§ What you are asked to do
Look below for the line with "CURREN New Men's". Retype it and every line after it to the end, exactly, but leave out the pictures.

§ Stored data
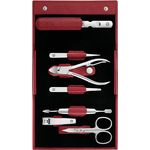 Zwilling Classic Inox Maniküre Pediküre Set 7tlg. mit Nagelknipser, Leder, rot Maniküre-Set 1 Stück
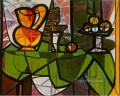 Jarra y frutero 1931 cubismo Pablo Picasso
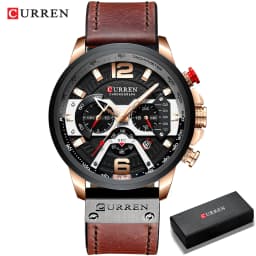 CURREN New Men's Casual Sports Chronograph Blue Top Brand Luxury Military Leather Watch Calendar Clock Relogio Masculino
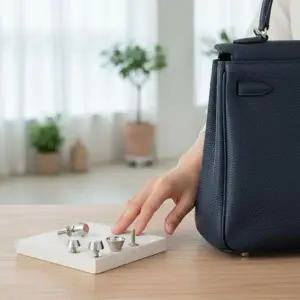 가방 바닥 장식 12mm 나사형 발굽 찡 부자재 20개입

§ Your response
 CURREN New Men's Casual Sports Chronograph Blue Top Brand Luxury Military Leather Watch Calendar Clock Relogio Masculino
 가방 바닥 장식 12mm 나사형 발굽 찡 부자재 20개입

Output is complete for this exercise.